We've prepared a patch here, and plan to release a patch version including it in the upcoming days.

Again. Sorry for the inconvenience.

Jun 06 '24 13:06 timvisee

We've released Qdrant 1.9.5 now which resolves this issue.

Since it is fixed, I'm closing this now. If you believe there's still a problem, please feel free to open it again.

Thank you for the detailed report!

Jun 11 '24 16:06 timvisee

@timvisee Sorry for the late reply, I've been tied up for the past few weeks, but fortunately, our Qdrant is running well since last reboot.

Could you elaborate once more on what kind of operations you're running. In the above log I only see batch searches. What kind of update operations are you running, lets say, in the past 12 hours?

Mostly, we do insertion and search, sometimes delete some points, and rarely update points.

We'll give new version a try later in a proper time, thanks for your excellent work!

Jun 12 '24 09:06 hugh2slowmo

Hi, looks like this version is still not available in the latest helm chart @timvisee !

Jun 17 '24 15:06 samikrc

Hi, looks like this version is still not available in the latest helm chart @timvisee !

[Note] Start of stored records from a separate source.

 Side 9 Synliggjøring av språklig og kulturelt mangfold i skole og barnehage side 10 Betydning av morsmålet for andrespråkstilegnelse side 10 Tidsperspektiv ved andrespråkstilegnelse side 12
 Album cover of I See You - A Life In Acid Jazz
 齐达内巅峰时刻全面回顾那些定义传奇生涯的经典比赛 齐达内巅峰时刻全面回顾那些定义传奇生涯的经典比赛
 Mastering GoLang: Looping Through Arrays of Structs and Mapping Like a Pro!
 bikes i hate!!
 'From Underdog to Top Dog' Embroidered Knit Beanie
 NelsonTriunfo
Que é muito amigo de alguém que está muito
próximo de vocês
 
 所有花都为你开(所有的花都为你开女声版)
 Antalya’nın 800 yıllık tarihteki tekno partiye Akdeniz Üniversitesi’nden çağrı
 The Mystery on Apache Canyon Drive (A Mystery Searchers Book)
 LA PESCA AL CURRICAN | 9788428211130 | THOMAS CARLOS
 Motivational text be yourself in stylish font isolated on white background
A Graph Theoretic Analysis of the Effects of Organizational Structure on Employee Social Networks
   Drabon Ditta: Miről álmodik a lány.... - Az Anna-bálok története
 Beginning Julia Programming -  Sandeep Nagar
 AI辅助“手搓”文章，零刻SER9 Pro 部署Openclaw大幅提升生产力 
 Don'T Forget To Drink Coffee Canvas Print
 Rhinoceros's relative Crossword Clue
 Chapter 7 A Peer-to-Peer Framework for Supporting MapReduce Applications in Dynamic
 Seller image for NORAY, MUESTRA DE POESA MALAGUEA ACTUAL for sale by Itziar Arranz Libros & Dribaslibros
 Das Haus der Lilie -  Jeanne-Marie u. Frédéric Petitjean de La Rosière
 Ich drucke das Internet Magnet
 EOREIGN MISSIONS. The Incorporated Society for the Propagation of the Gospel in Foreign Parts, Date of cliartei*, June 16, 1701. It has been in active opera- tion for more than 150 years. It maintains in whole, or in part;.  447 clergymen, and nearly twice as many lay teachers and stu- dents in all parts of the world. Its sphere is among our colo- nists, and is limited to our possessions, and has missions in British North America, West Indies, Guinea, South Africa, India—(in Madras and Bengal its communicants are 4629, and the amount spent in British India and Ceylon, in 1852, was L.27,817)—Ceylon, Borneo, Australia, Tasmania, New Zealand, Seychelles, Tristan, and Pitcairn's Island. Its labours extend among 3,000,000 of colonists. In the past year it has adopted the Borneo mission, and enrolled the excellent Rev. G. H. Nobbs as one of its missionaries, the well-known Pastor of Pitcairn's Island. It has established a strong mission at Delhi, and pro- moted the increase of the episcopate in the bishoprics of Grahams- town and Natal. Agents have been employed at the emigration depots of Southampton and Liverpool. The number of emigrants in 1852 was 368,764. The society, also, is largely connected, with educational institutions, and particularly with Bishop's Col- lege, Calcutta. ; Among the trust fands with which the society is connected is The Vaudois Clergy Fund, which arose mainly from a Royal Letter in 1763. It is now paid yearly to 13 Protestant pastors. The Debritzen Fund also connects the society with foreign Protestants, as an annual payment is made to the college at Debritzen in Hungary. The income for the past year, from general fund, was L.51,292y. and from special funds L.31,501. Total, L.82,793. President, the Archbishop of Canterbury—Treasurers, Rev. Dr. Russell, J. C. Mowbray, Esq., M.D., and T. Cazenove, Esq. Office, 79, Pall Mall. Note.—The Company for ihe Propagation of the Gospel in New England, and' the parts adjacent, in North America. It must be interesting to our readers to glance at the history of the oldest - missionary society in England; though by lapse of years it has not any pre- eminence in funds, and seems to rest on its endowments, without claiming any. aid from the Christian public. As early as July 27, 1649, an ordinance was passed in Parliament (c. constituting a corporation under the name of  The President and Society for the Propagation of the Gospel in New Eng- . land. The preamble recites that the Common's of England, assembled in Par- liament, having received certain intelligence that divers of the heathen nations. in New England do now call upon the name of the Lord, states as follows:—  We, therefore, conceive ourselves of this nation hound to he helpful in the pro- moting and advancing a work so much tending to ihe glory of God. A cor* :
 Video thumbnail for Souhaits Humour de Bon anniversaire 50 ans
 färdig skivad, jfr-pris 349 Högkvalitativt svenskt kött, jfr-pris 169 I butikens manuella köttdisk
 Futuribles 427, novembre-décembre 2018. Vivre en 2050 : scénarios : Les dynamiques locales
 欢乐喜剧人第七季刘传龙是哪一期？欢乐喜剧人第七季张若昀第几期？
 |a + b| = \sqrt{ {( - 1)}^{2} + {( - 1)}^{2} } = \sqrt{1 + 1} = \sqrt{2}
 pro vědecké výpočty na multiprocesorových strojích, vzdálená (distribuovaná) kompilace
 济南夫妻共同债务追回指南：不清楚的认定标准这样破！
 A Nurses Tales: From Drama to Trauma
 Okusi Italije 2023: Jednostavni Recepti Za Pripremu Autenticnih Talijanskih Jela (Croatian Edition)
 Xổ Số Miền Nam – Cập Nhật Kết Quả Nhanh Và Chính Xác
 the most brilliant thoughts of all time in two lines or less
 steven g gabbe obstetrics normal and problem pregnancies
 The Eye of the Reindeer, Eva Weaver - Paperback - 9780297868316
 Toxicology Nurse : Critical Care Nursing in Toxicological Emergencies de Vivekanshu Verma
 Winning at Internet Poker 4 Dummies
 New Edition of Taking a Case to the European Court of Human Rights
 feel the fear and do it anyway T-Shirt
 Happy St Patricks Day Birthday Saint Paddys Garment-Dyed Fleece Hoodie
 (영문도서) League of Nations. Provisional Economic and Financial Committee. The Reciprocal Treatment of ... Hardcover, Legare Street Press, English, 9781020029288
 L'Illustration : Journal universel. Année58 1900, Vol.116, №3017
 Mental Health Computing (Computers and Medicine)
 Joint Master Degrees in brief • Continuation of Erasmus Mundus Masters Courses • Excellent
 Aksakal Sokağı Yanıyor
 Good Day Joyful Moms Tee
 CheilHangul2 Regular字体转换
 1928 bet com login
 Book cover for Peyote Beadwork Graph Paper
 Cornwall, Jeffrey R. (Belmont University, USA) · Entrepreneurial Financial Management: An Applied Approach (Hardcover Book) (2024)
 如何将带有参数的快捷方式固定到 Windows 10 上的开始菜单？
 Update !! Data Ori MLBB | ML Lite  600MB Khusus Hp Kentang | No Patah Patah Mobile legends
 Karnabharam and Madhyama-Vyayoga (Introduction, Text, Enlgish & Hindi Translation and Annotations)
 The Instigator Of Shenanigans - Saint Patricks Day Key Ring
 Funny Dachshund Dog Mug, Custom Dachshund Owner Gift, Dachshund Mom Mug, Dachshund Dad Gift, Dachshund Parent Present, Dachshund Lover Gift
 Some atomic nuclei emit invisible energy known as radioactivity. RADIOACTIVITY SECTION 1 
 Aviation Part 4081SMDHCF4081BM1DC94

I see! Thanks for the head up. I'll bump our cloud team to update it for Qdrant 1.9.5.

Jun 17 '24 15:06 timvisee

The Helm chart has now been updated: https://github.com/qdrant/qdrant-helm/releases

Jun 17 '24 15:06 timvisee

Hi @timvisee I'm running on 1.10.1 and encountering a similar error still, unfortunately.

On the server-side, I get: WARN collection::collection_manager::holders::segment_holder: Trying to read-lock all collection segments is taking a long time. This could be a deadlock and may block new updates.

And on the client-side, I get the following python traceback:

Traceback (most recent call last):
  File "/home/joshua/vector-database/pyupload_contigs.py", line 83, in <module>
    client.upsert(
  File "/home/joshua/vector-database/.venv/lib/python3.10/site-packages/qdrant_client/qdrant_client.py", line 1180, in upsert
    return self._client.upsert(
  File "/home/joshua/vector-database/.venv/lib/python3.10/site-packages/qdrant_client/qdrant_remote.py", line 1540, in upsert
    grpc_result = self.grpc_points.Upsert(
  File "/home/joshua/vector-database/.venv/lib/python3.10/site-packages/grpc/_interceptor.py", line 277, in __call__
    response, ignored_call = self._with_call(
  File "/home/joshua/vector-database/.venv/lib/python3.10/site-packages/grpc/_interceptor.py", line 332, in _with_call
    return call.result(), call
  File "/home/joshua/vector-database/.venv/lib/python3.10/site-packages/grpc/_channel.py", line 440, in result
    raise self
  File "/home/joshua/vector-database/.venv/lib/python3.10/site-packages/grpc/_interceptor.py", line 315, in continuation
    response, call = self._thunk(new_method).with_call(
  File "/home/joshua/vector-database/.venv/lib/python3.10/site-packages/grpc/_channel.py", line 1198, in with_call
    return _end_unary_response_blocking(state, call, True, None)
  File "/home/joshua/vector-database/.venv/lib/python3.10/site-packages/grpc/_channel.py", line 1006, in _end_unary_response_blocking
    raise _InactiveRpcError(state)  # pytype: disable=not-instantiable
grpc._channel._InactiveRpcError: <_InactiveRpcError of RPC that terminated with:
        status = StatusCode.DEADLINE_EXCEEDED
        details = "Deadline Exceeded"
        debug_error_string = "UNKNOWN:Error received from peer  {created_time:"2024-07-23T15:52:33.58710038+00:00", grpc_status:4, grpc_message:"Deadline Exceeded"}"

The workflow that causes this is repeated upserts (I'm uploading a dataset into qdrant). I have some Rust code that I was planning on experimenting with, but it's not trivial because the dataset library is easiest to load using python.

Jul 23 '24 15:07 jlkravitz